Impact of Intraoperative Blood Pressure Components on Postoperative AKI: A Phenotype-Stratified Analysis

1. Study Rationale Postoperative Acute Kidney Injury (AKI) is a common and severe complication following non-cardiac surgery, leading to prolonged hospital stays, increased medical costs, and a higher risk of persistent kidney failure or death. Intraoperative hypotension (abnormally low blood pressure during surgery) is recognized as a significant contributor to AKI, as it can reduce blood flow and oxygen supply to the kidneys.

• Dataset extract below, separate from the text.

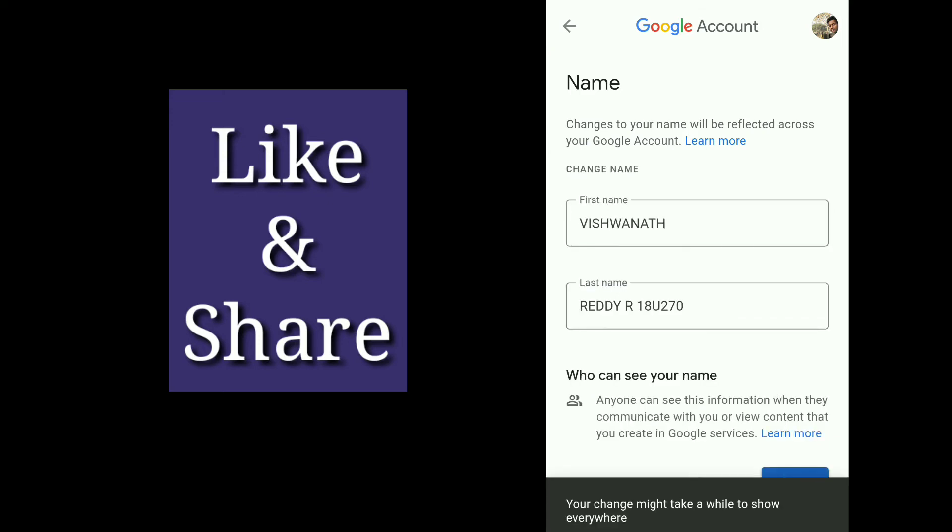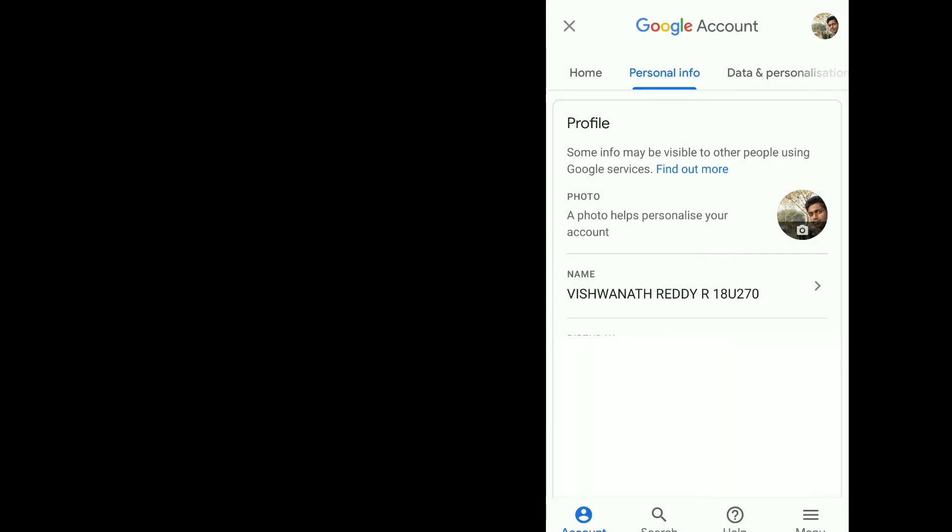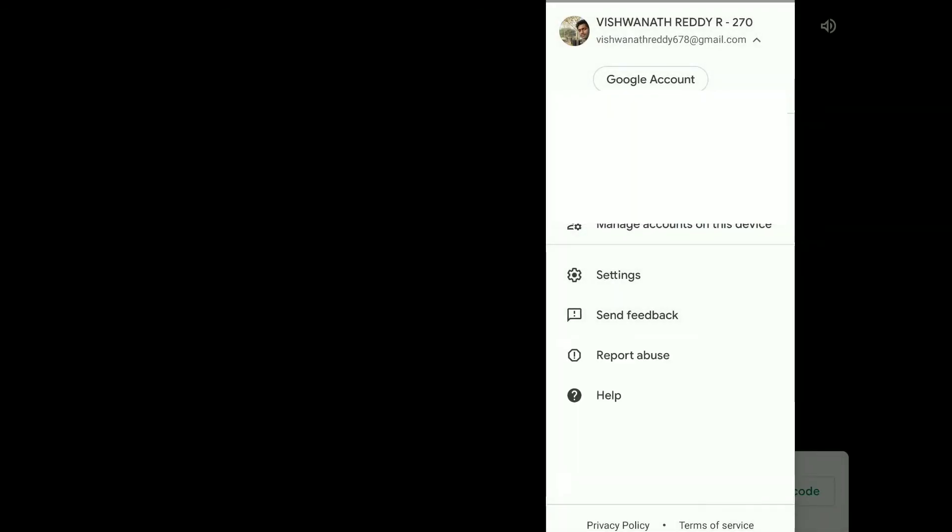As you can see here, changes have been saved. Once you've done that, you can see there is 18U270. You can completely clear your name and save the changes. This is a simple option, and you can just start your class.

   Currently, there is no clinical consensus on which component of blood pressure-such as systolic (SBP), diastolic (DBP), or mean arterial pressure (MAP)-is the most critical to monitor for preventing organ injury. Furthermore, current guidelines often recommend a universal "one-size-fits-all" threshold for hypotension (e.g., MAP < 65 mmHg). This approach fails to account for individual patient differences, such as baseline blood pressure and co-existing health conditions, which may mean that the optimal blood pressure target varies significantly from person to person.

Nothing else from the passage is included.